* [WHAT YOU WILL DO]:
Would you restate the entries below word for word, leaving out the images?

◆ ◆ ◆ ◆ ◆

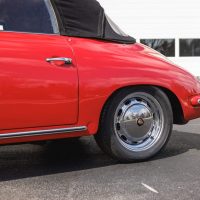 1964 Porsche 356C Cabriolet - Image 74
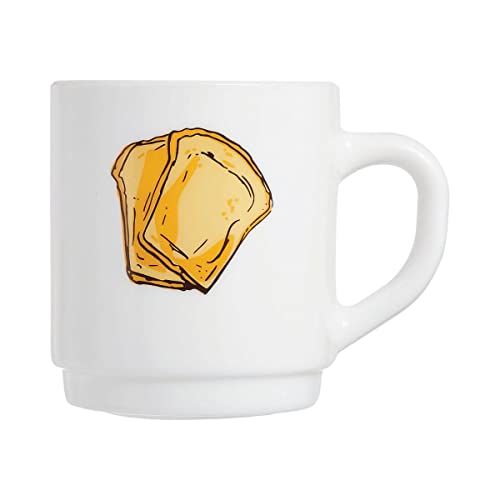 Luminarc Pop Gourmandise Ta Mug Opal 29cl mehrfarbig von Luminarc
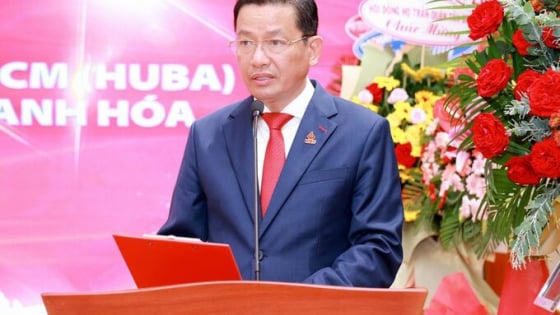 Tổng Giám đốc Công ty Đại Dũng ứng cử vào HĐQT Tập đoàn PC1 Tổng Giám đốc Công ty Đại Dũng ứng cử vào HĐQT Tập đoàn PC1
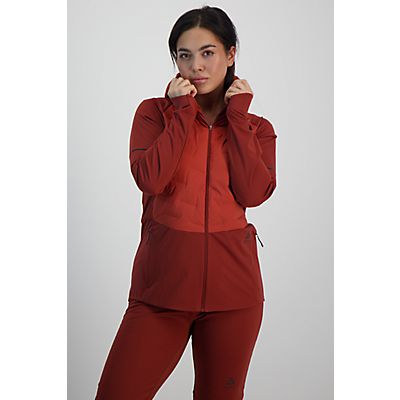 Image of Zeroweight Insulator Damen Langlaufjacke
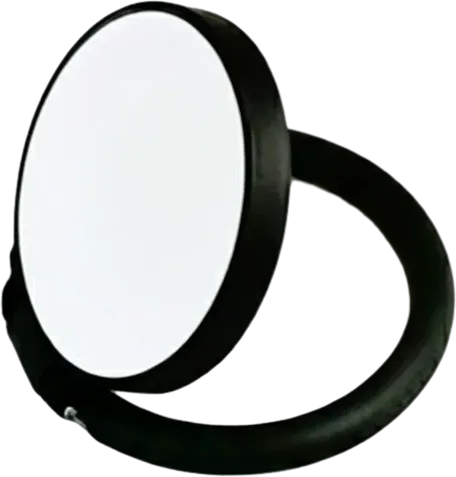 360° Metallic Phone Ring Holder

◆ ◆ ◆ ◆ ◆

* [EXERCISE ANSWER]:
 1964 Porsche 356C Cabriolet - Image 74
 Luminarc Pop Gourmandise Ta Mug Opal 29cl mehrfarbig von Luminarc
 Tổng Giám đốc Công ty Đại Dũng ứng cử vào HĐQT Tập đoàn PC1 Tổng Giám đốc Công ty Đại Dũng ứng cử vào HĐQT Tập đoàn PC1
 Image of Zeroweight Insulator Damen Langlaufjacke
 360° Metallic Phone Ring Holder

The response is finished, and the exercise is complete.